Sales reps, don your badges. We'll be watching you

Pharma reps have been known to chafe at time-logging rules. Keeping a journal of office visits and sample hand-outs can be such a pain--and shouldn't results speak more loudly than hash marks on a sales-call report?

But what if sales reps wore tracking sensors instead? That's exactly what a small group of Cubist Pharmaceuticals ($CBST) sales and marketing employees did. For an internal study about employee interaction, they donned badges loaded with sensors, The Wall Street Journal reports. For four weeks, those badges collected data on their movements, voices, conversational patterns, and whereabouts.

At the end, all that data was crunched together with their email traffic and weekly survey results. The conclusion? More face-to-face interactions led to higher productivity. And some employee habits--such as spending lunchtime solo--interfered.
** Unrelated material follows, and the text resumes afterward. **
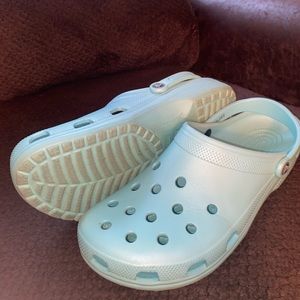 LIGHT BLUE CROCS MENS 13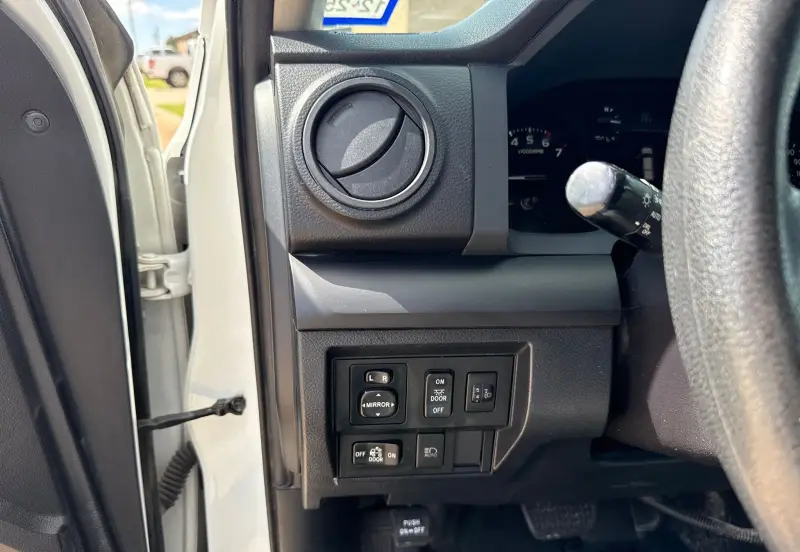 2020 Toyota Tundra photo 26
So, as the Journal notes, Cubist rehabbed its uninviting cafeteria to encourage workers to eat together. It also cut down to one coffee station and one water cooler for sales and marketing people, and added an afternoon coffee break for everybody. Mission: Encourage chatter.

Obviously, wearing an electronic tracking device makes manual record-keeping unnecessary. It's easy for a company to know where an employee is and what he or she is doing. But then again, it's easy for a company to know where an employee is and what he or she is doing.

At least one Cubist employee said wearing the tracking badge wasn't too Big Brother-ish--and that he learned something about himself from the study. We wonder whether everyone would say the same if sensors were used routinely--and given the information-gathering capability, companies will be tempted to do so. "Do you really want your employers following around what you are doing? It's a creepy way to work," an employee advocate told the Journal. What do you think?